Collected data entries:
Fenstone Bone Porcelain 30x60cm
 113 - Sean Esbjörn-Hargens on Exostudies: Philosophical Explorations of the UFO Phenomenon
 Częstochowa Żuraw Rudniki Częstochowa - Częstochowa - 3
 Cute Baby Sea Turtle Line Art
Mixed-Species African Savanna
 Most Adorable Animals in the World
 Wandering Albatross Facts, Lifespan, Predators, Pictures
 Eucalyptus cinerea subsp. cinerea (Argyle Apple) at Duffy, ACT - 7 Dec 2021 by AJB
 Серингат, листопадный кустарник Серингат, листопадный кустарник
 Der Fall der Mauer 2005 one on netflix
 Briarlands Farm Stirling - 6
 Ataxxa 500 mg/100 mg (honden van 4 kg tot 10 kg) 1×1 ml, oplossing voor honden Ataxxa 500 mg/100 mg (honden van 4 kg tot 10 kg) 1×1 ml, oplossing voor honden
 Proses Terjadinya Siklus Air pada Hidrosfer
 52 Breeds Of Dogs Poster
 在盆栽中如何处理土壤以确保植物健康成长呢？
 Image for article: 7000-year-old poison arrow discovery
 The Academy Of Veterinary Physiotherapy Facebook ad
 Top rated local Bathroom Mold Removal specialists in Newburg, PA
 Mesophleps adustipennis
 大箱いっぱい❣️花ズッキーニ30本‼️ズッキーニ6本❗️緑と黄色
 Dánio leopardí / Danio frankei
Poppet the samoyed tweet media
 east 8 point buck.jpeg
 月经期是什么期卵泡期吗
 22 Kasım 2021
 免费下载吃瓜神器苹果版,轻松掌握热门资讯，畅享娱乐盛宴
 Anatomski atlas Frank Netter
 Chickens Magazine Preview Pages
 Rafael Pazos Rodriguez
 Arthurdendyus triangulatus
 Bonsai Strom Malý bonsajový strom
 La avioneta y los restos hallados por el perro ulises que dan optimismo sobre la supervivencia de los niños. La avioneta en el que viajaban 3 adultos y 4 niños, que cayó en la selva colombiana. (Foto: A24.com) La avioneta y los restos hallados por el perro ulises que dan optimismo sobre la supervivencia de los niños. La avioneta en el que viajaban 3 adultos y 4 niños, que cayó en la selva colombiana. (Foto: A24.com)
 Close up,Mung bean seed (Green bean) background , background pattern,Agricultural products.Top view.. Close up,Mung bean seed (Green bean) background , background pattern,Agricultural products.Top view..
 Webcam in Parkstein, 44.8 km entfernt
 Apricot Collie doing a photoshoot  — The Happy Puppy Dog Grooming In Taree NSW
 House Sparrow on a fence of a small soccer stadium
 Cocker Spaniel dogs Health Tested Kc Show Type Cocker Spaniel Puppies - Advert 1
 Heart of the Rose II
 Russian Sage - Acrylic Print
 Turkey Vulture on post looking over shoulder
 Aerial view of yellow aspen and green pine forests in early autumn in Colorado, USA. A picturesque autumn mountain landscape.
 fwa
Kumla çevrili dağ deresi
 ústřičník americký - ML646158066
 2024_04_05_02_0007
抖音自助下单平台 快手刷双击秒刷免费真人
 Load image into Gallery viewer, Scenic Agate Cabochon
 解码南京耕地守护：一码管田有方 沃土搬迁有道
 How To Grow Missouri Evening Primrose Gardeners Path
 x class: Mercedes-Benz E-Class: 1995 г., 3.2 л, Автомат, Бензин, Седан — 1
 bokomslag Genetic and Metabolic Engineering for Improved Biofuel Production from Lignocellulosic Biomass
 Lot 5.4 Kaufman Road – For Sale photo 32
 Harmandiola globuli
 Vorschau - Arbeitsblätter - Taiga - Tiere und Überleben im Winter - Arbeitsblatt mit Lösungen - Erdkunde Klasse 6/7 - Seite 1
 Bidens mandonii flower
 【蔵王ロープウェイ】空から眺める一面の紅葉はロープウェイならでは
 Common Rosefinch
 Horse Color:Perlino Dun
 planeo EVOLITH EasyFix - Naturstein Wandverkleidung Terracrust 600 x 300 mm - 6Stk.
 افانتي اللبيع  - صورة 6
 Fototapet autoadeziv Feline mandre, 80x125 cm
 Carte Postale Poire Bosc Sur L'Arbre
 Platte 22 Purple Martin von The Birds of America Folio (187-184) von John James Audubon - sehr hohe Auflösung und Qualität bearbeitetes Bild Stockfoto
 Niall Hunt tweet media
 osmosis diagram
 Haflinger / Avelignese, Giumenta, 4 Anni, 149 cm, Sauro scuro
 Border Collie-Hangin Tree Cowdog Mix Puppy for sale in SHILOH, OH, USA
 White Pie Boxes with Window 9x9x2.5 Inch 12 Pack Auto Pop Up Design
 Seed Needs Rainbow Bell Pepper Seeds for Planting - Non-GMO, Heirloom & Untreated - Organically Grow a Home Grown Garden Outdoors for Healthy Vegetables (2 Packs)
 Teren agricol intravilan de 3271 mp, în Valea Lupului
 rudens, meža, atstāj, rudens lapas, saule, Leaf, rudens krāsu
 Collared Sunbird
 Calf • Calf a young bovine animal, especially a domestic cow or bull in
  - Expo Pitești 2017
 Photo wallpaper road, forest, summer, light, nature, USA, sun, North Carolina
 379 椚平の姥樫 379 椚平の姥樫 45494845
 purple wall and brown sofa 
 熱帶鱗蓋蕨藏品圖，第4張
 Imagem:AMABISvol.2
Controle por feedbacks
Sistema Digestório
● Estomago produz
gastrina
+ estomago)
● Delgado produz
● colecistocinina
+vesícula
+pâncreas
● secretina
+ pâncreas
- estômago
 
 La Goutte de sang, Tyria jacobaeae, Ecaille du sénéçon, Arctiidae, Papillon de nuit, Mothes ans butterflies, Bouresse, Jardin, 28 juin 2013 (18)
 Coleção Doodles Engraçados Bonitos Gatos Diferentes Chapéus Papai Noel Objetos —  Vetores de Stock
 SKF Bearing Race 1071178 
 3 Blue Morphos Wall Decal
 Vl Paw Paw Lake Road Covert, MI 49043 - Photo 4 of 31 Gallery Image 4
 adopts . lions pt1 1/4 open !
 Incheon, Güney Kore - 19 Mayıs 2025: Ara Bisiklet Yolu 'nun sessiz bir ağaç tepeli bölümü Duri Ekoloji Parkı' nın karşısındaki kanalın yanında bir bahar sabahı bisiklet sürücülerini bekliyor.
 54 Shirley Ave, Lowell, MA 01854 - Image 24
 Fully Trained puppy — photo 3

> [REQUIREMENT]: Filter the entries above and return only the lines holding "media".

> [TASK ANSWER]:
Poppet the samoyed tweet media
 Niall Hunt tweet media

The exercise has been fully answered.